I think that not only in the Church but in society at large we have become resistant to silence, to spending time thinking about the big questions. We might even wonder if there is any use in thinking about such things and it is very easy to fill up our time with so many distractions. Perhaps a way of combating that, or a starting point, would be to teach the value of setting aside time to pray, and to read — and of course modeling this behavior ourselves. I also think that we have the tendency to underestimate what the average person is capable of, but my experience teaching and writing is that there is a real hunger for deeper knowledge of God and his Church — if people take the time to reflect and to recognize that hunger, that is. Institutionally this shift in attitude can happen at all levels – in small groups, in religious education classes, in Catholic schools, from the pulpit and so on.

I think the book would be an excellent read during Advent. With that in mind, could you say something in particular about the chapter on “Why God Was Born”?

The book is divided into three parts – God (i.e. the nature of God), the Trinity and the Incarnation. So the chapter “Why God was Born” is found in that third section. I would say that as reading for advent, the book will help you see with new eyes just how amazing the event of Christmas day truly was. We are used to saying, in the creed, that God came down from heaven “for us men and for our salvation.” The book will make clear how bold a claim it is to say that God (who is eternal, infinite, etc.) can come down, but it also shows why God becoming man was the perfect and most fitting answer to our human brokenness. The incarnation gives us hope both in ourselves and in God, and that is why Christmas is a season of hope and wonder.

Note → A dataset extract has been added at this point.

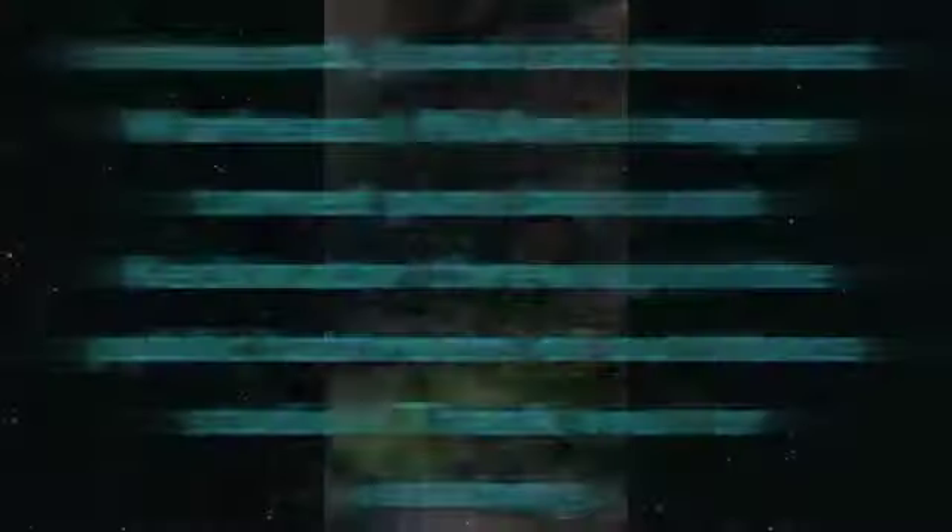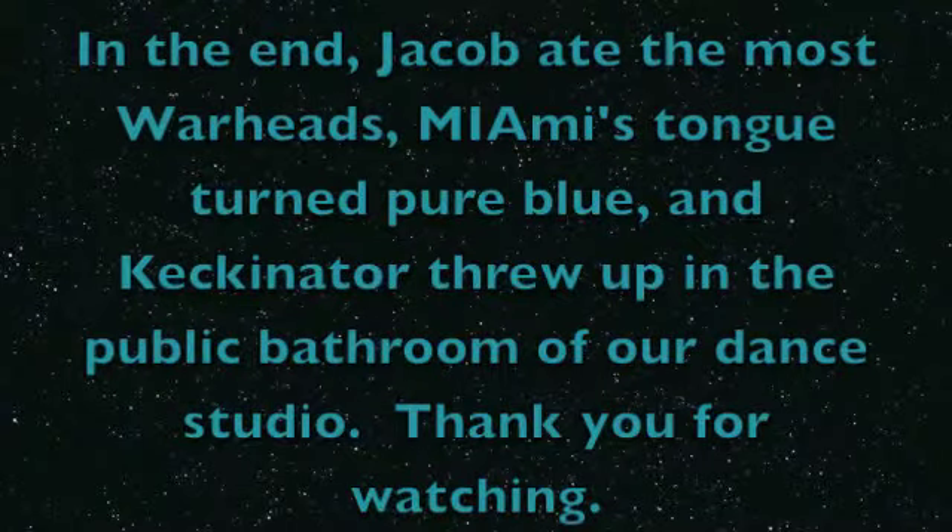My whole mouth is numb at the moment! I can't even take it! You look like you're going to... My hands are even shaking! Are you okay? Yeah, I'm going to...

I want to ask about another book of yours titled Augustine’s Theology of Angels. I love thinking about theology and the non-human, and this particular topic has been really neglected in recent decades by our disenchanted culture. So, first, thank you for writing such a counter-cultural book. Second, can you say a bit about what motivated you to write it?

You’re welcome, it was a fun and rewarding topic!

I am a disciple of St. Augustine – or strive to be – and so the book was prompted by reading Augustine’s City of God and coming to see how central his understanding of angels (both good and evil) was to his view of the Church and the history of the world.

The early Christian understanding of angels is something that has not been discussed very much even among scholars, so it proved a worthy topic to sink my teeth into. I start the book by saying that, for Augustine, the angels are just as real as you and I, and that they appear frequently in the Bible, and so to ignore them or treat them as a kind of sentimental feeling is to miss something important in the biblical story. The book is written primarily for an academic audience, but I also wrote a short article in which I summarize the theological insights I gained from Augustine in a much shorter format.

That being said, I do think the book is digestible for the curious amateur theologian. Someone at my parish has been reading it, much to my delight!

Do you think our lack of knowledge when it comes to angels is tied at all to our lack of knowledge when it comes to God?

I think they are related in so far as we are often reticent to do any hard thinking about topics that sound too philosophical, when words like “nature” or “being” or “metaphysics” come up we might have the tendency to panic and to retreat to that picture of the angels as adorable little cherubs who strum on harps. But what I try to show both in the book on God and in the book on angels is that what we are dealing with are biblical mysteries and the theological and philosophical language of the Church helps us to explore, understand and receive those mysteries. The tradition, then, does not send us away from the Scriptures, but back to them with renewed ardor.

It is also true that if we don’t have some kind of concept of God and what it means to be made in the image of God; something I also cover in the God book, then we cannot have a clear concept of what it means to be a rational creature – an angel or a human being – who is capable of knowing and loving God.